- The band as they appear in the song called Belly Button.

Background information
- Origin: VeggieTales
- Years active: 2003–2007, 2012
- Labels: Big Idea Entertainment, Bob and Larry Records
- Members: Larry the Cucumber Junior Asparagus Jimmy Gourd Mr. Lunt

= Boyz in the Sink =

Fictional band in VeggieTales

Boyz in the Sink is a fictional band of VeggieTales characters who first appeared in the 2003 Silly Songs with Larry segment of The Ballad of Little Joe. The band subsequently appeared in 2007's Moe and the Big Exit and 2012's If I Sang A Silly Song and Robin Good and The Not-So-Merry Men.

The members of the band are Larry the Cucumber, Mr. Lunt, Junior Asparagus, and Jimmy Gourd.
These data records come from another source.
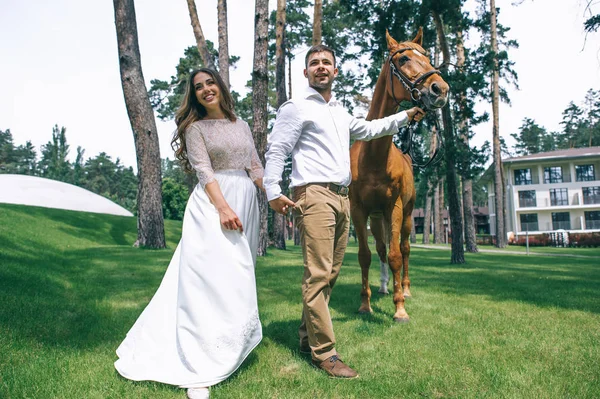 wedding  couple with horse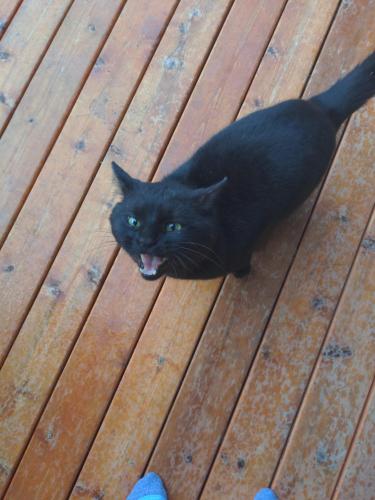 Found/Stray Unknown Cat last seen Meadow view road, Rocky View County, AB T0L 0K0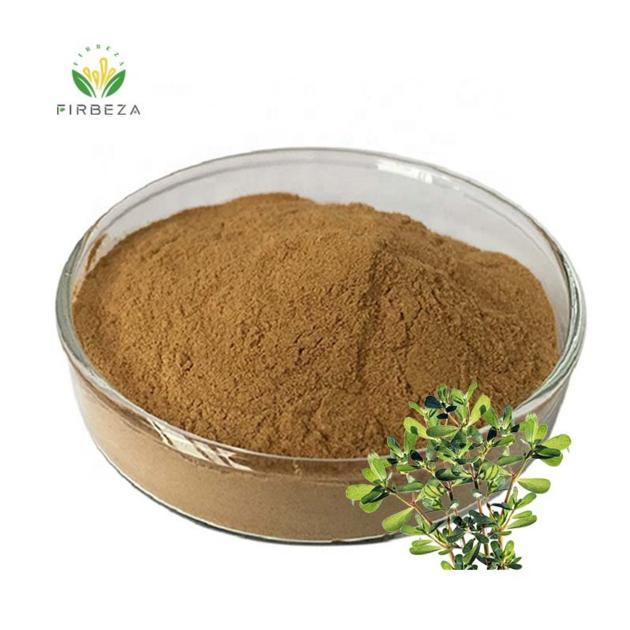 Pure Natural 10:1 Bacopa Monnieri Extract Powder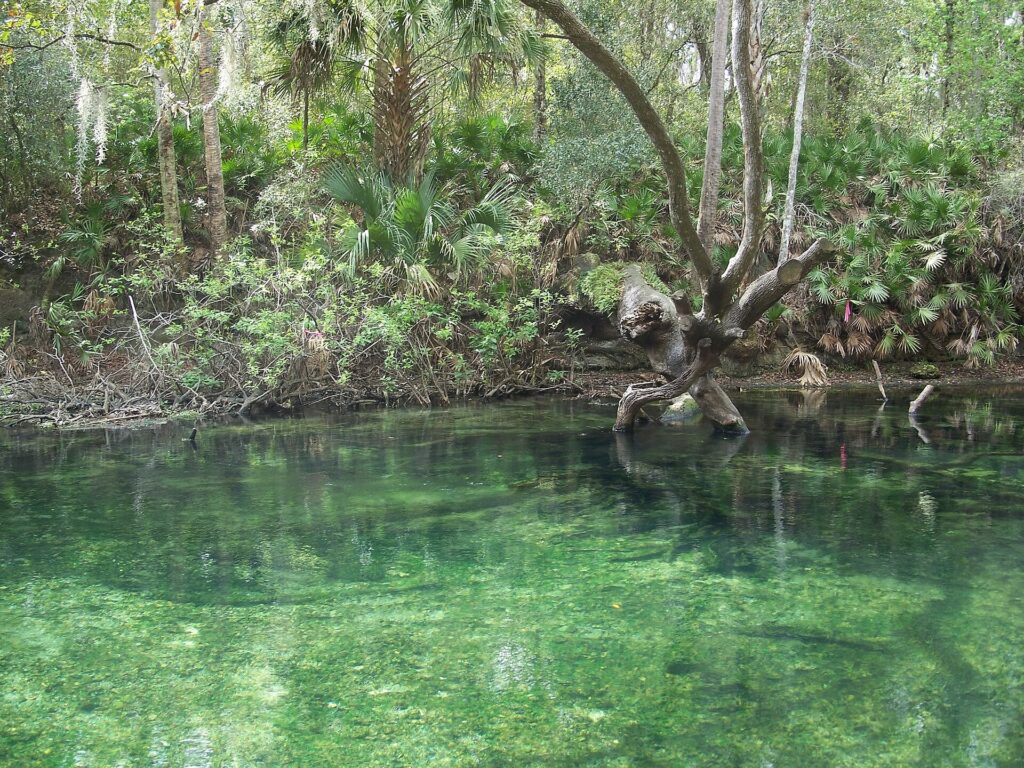 The spring run at Blue Spring State Park in Orange City, Florida.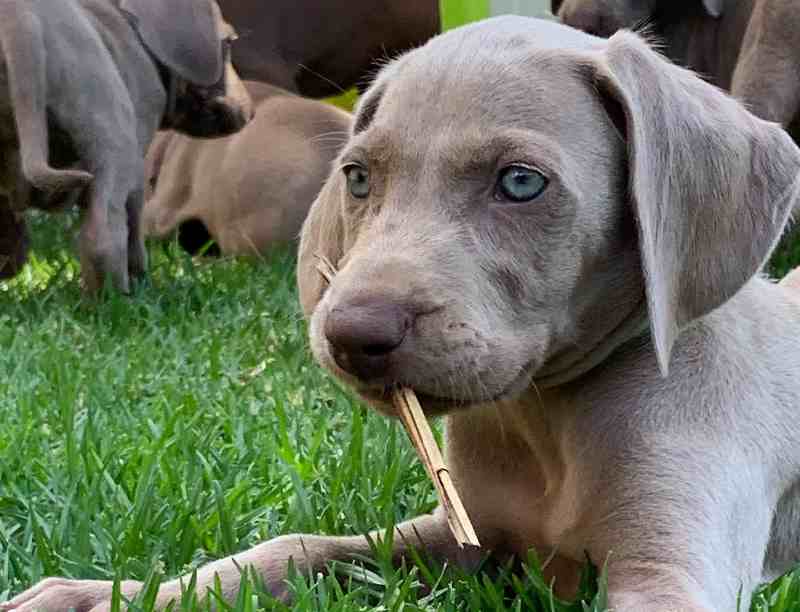cachorro braco en venta en valencia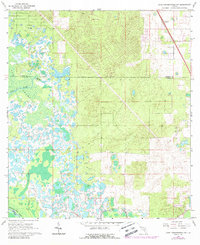 Download a high-resolution, GPS-compatible USGS topo map for Lake Panasoffkee NW, FL (1988 edition)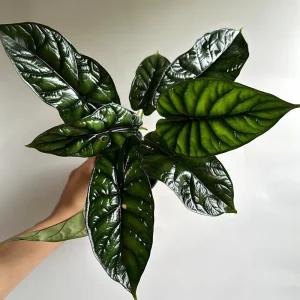 Alocasia Baginda Dragon Scale Live Plant – Rare Aroid Houseplant 6 inch Pot – Indoor - Image 1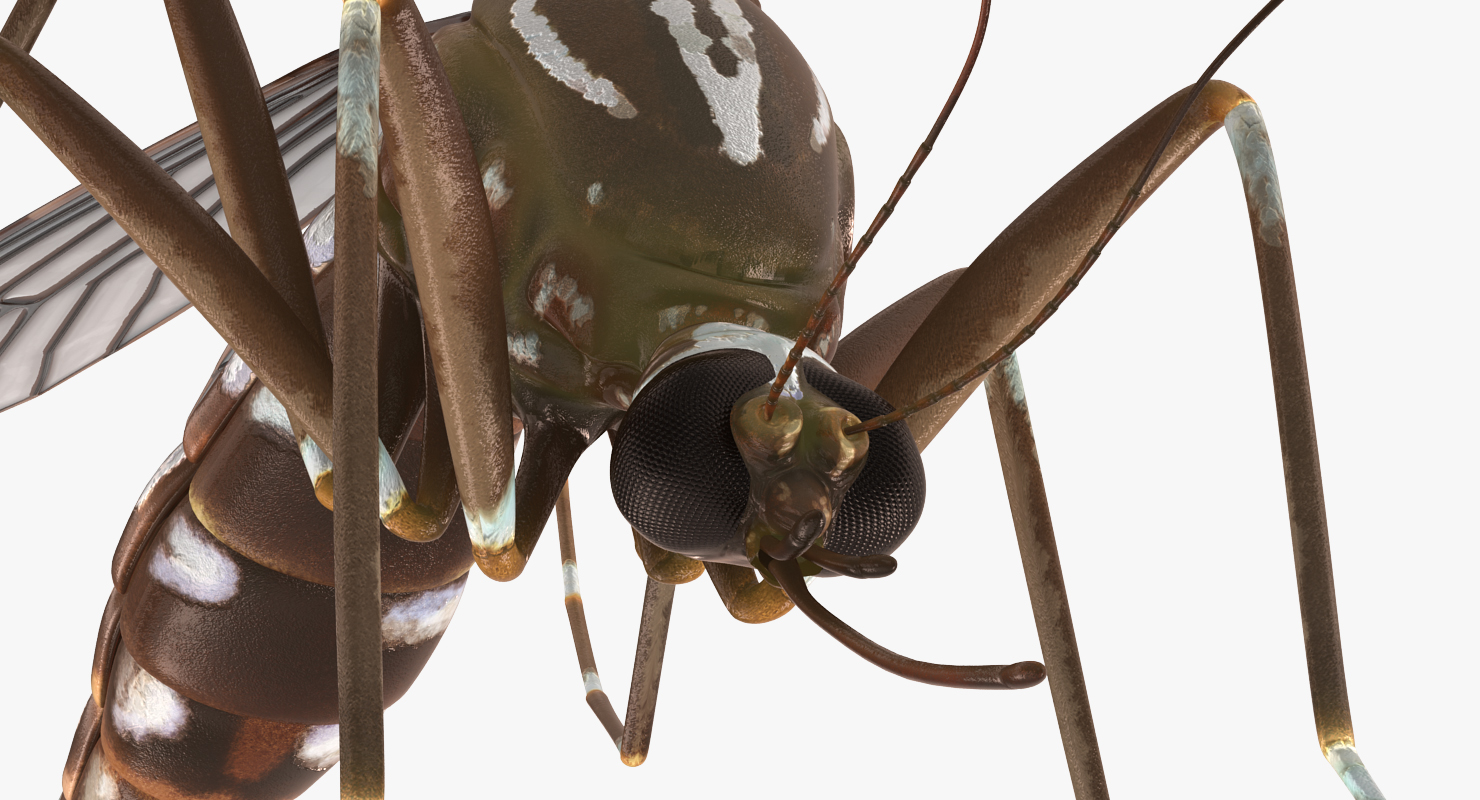 3D model Mosquito Pose 3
The foursome and their name are parodies of boy-bands such as Backstreet Boys and NSYNC.

The band's only album, Boyz in the Sink, was released by EMI and Big Idea Productions on October 3, 2006. It peaked in 2007 at #10 on the Billboard Top Kid Audio chart and features many covers of songs from VeggieTales.

==Other media==
Big Idea released a jigsaw puzzle featuring Boyz in the Sink. Boyz in the Sink also appear on the 2006 Big Idea release VeggieTales Worship Songs. The band was featured as part of 2005's "VeggieTales Rockin' Tour LIVE", the second traveling stage show featuring VeggieTales music and characters.